Good photographers manage to engage with difficult areas. Areas that are either difficult for the wider public to access, or areas which hold a mirror up to what we as a society have become. Three of the four photographers here present us, the viewer, with what it is to be black and shed a light on their black experience.

Frida Orupabo

Frida’s focus is on the way black women are depicted, historically through use of archival images or currently through images found on the internet. The images depicting the black woman two-dimensionally as slave and/or object fitting a pre-constructed misogynistic or racist narrative in a society predominantly geared towards the white male. Frida’s work refashions these images of nameless women through collage, to produce a black woman with a new identity; One with more complexity and ambivalence; attributes absent in the originals.
 

‘Batwoman’ (2021)

‘Seated With Two Hands’ (2021)

‘Girl With Necklace’ (2021)

Installation View

Bieke Depoorter

Depoorter states that her works start from chance encounters with people. The relationships that she subsequently builds with these people, guides and defines her work. There is therefore an element of uncertainty in the outcome, which is of course the point of these photographic studies. This is exemplified by the two cases on show here. Michael is the story of a man she met in Portland, Oregon. As a result of his subsequent disappearance, Depoorter reconstructs his life through the images and information she has of him. The gallery therefore acting as both shrine and investigation room of Michael’s life, akin to a police office of a hunt for a missing person. 

The second person that Depoorter encounters is Agata. This too has proved problematic in that the relationship between photographer and subject evolved to a point where the power dynamic also shifted. Agata has since questioned Depoorter’s right to use the images of her or to present her study.

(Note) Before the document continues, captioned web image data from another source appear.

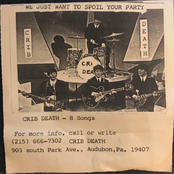 Spoil Your Party - 8 Songs Demo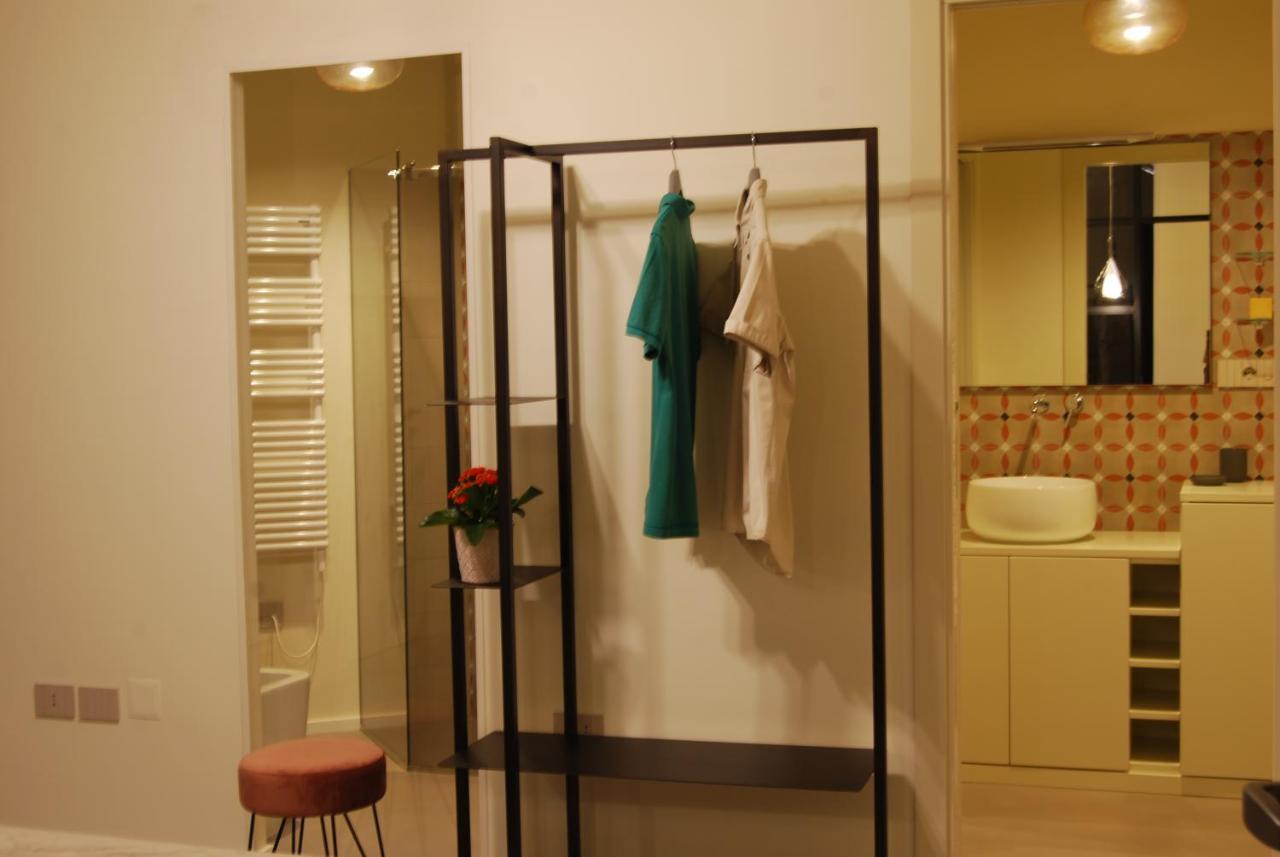 Suite Cagliari -99- Exterior foto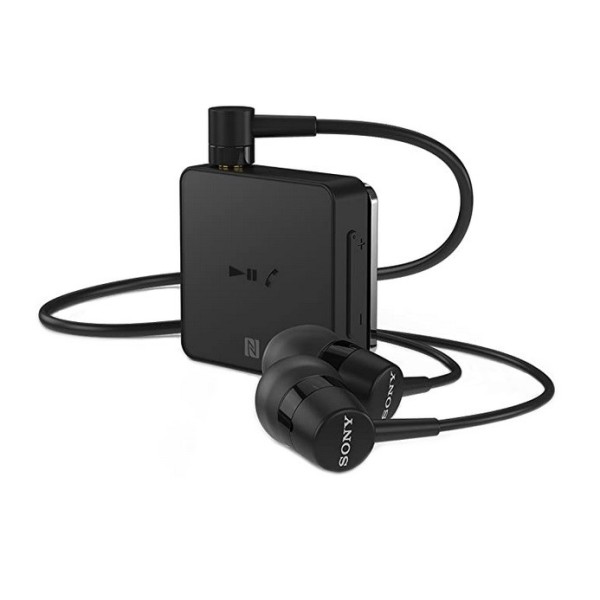 „Sony“ SBH24 brīvroku ierīce - melnā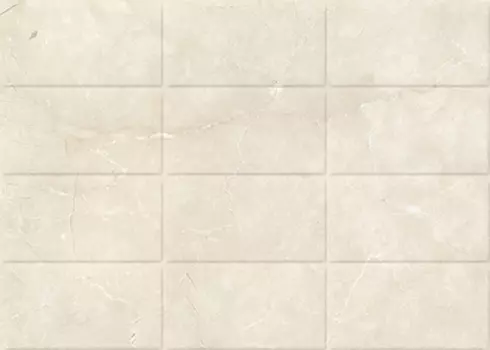 Плитка настенная Cersanit Maestro MRM012D бежевая 25х35 см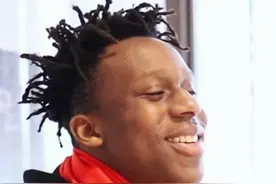 【说着一口流利“川普”的他，在春节时最喜欢做什么？】 今年16岁的#尼日利亚 小伙#张文 ，在成都蒲江出生长大。他说得一口流利的四川普通话，还特别喜欢这里的#美食与文化。新春临近，张文也与《#环球人物》记者分享了他在#春节时最喜欢做的事。视频封面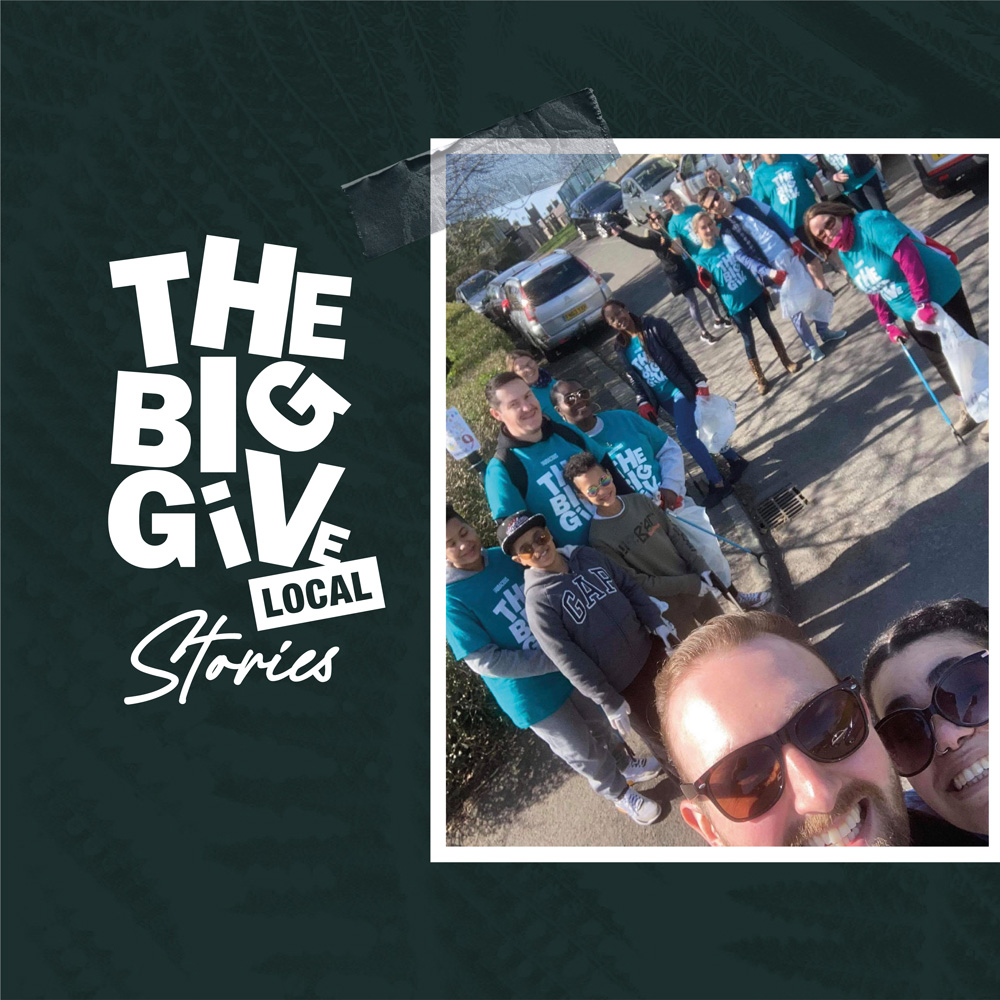 audaciouschurch's tweet photo. Today's Big Give story is showing how this group of volunteers from church even got a mention from the local council for how how they got involved in this years #thebiggivelocal
Thanks to all who have helped to make a difference this year!
#thisischurch #thisaudaciouslife https://t.co/aqBDYTY1Pd
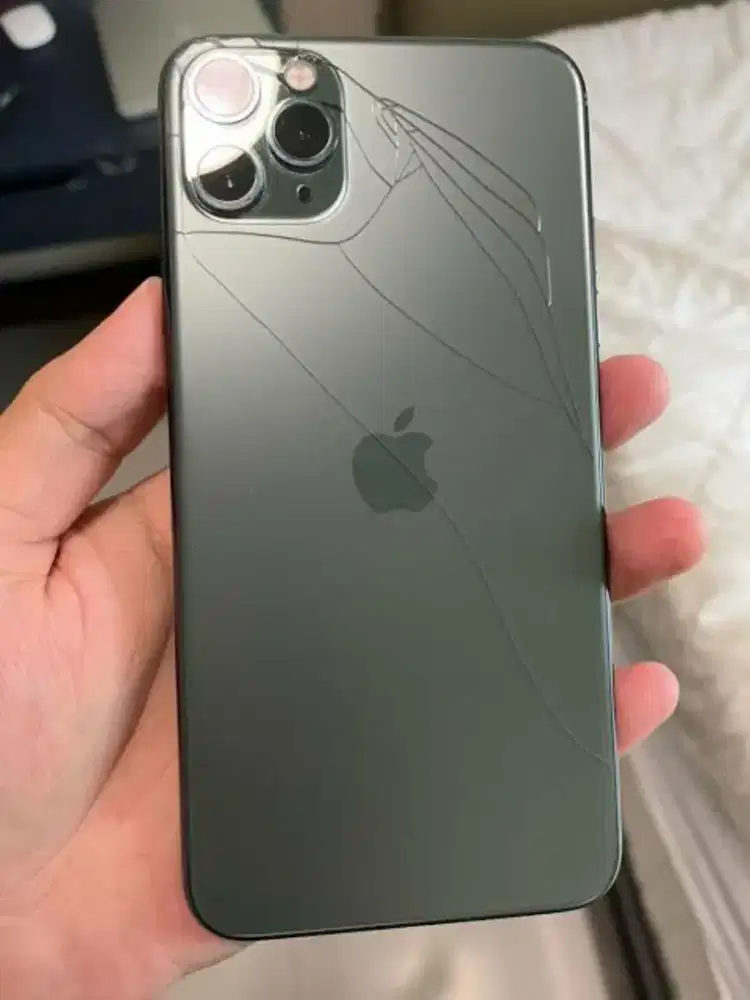 DIBELI HP IPHONE KONDISI RUSAK MINUSAN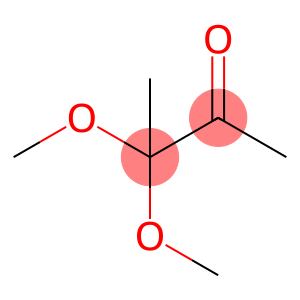 3,3-二甲氧基-2-丁酮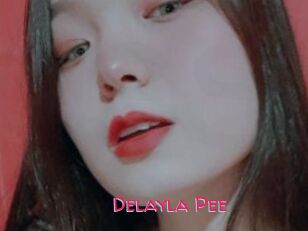 Delayla_Pee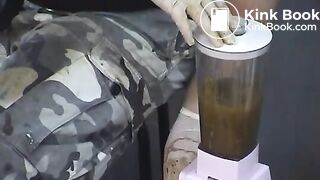 Kinkythai shit sandwich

For me, both these cases are intriguing up to a point. Ultimately, they are very personal but have little to say beyond giving a philosophical insight into our relationships with other people. The fact that these two people are ‘ordinary’ makes it a light exercise.

Samuel Fosso

The eventual winner of the prize, Samuel Fosso photographs himself inhabiting the bodies of other black figures. His African Spirits series shows him reimagined as Martin Luther King, Angela Davis, Haile Selassie and Malcolm X amongst others. His purpose, to pay homage to their struggle for racial equality, liberation and independence, whilst also constructing a visual archive of pan-African independence. 

Earlier photographs show self-portraits, with Fosso in a variety of poses and outfits exploring  the intersections of gender, sexuality and post-colonial African Identity.

Perhaps most poignant were the two images from his Allonzenfans series in which Fosso, dressed as black soldiers, pays tribute to the seldom acknowledged contribution of those African soldiers who fought in both World wars as part of allied colonial powers. Fosso’s aim, “to show the black man’s relationship to the power that oppresses him”.
 

From the ‘Allonzenfans’ series (2013)

Martin Luther King Jr. from the series ‘African Spirits’ (2008)

Angela Davis from the series ‘African Spirits’ (2008)

Installation View from the series ‘African Spirits’ (2008)

Arthur Jafa

Jafa’s section of the exhibition was the one which felt like it didn’t do the artist justice. His body of work, including both static and the moving image is so large that this snippet of his exhibition ‘Live Evil’ felt disjointed.

Jafa’s aim was to depict the black narrative as a representation of the wider human narrative. The fact that black bodies have been under duress for so long is something that he explores here.  

‘Mickey Mouse was a Scorpio’ (2016 – 2018)

‘Rwanda’ (1999)

‘Ex-Slave Gordon 1863’ (2017)

The Deutsche Börse Photography Foundation Prize at the Photographers’ Gallery is always worth a look. Four artists at the forefront of contemporary photography. If it has one weakness, it is that it is only able to provide a taste of the exhibition that these artists were nominated as a result of. In Jafa’s case certainly, this was a real pity.

What is increasingly clear though is that the voices of the marginalised are the ones that resonate loudest.